И они двинулись по дну пропасти в ту сторону, куда поднималось ущелье. Идти по глубокому мокрому снегу было тяжело. На каждом шагу путники проваливались по колено, а кое-где и по пояс. Великолепные сапоги, которыми узборские гномы снабдили своих гостей, выдержали длительный переход по каменистым пустошам и тропам, но разбухли от сырости и стали пропускать влагу. Приходилось останавливаться, снимать обувку, вытряхивать из нее воду, стаскивать чулки, отжимая их и развешивая на выступающих из снега валунах для просушки. К счастью, горное солнце изрядно припекало. Кое-как просушив сапоги и натянув на ноги волглые чулки, юные путешественники двигались дальше. Из-за этих вынужденных остановок за день Клаус и Клауди прошли не больше четырех миль, и ночевать им опять пришлось в ущелье.
Глава двадцатая. Порождение проклятых сил
Наверное, это была самая худшая ночевка из всех, что им довелось пережить за время путешествия. Сырой снег, жесткие камни вместо постели и ледяной ветер. Холод пронизывал до костей. Чтобы хоть как-то согреть свою спутницу, Клаус обложил ее козьими шкурками и обвязал веревкой. Глядя, как дрожит Клауди, юноша думал о том, что если они завтра не доберутся до какого-нибудь жилья, следующая ночь может стать последней. Рассвет не принес облегчения. Солнце взошло, но в ущелье скопился туман, который ни за что не хотел покидать его каменные стены. Юные, но чрезвычайно ослабевшие путешественники передвигались почти на ощупь, всюду натыкаясь на обледенелые валуны и не находя выхода.
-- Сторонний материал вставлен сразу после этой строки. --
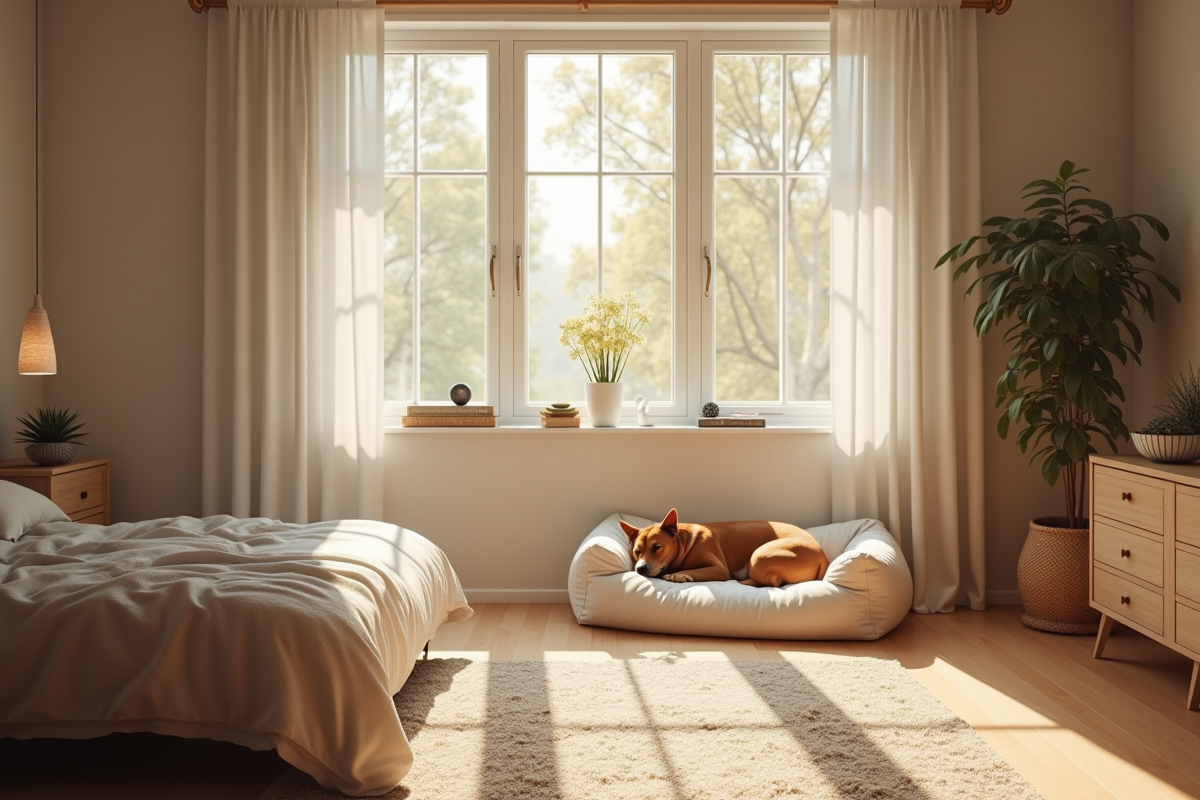 chien sommeil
Если бы не упорство, с которым молодые души все еще цеплялись за жизнь, конец их был бы предрешен, но Светлые Силы еще не оставили своих посланников. Луч полуденного солнца, словно меч, рассек промозглую мглу, благотворным жаром объяв изможденные тела путников. И когда глаза их привыкли к яркому свету, они увидели полустертые ступени крутой и узкой лестницы, что вела из пропасти к подножию стены замка. Клаус и Клауди не выразили своей радости не то что словом, а даже улыбкой. Они обессиленно опустились на нижнюю ступень и долго так сидели, наслаждаясь теплом солнца, потом разделили оставшиеся кусочки козьего мяса и принялись карабкаться по лестнице на четвереньках, потому что боялись распрямиться во весь рост.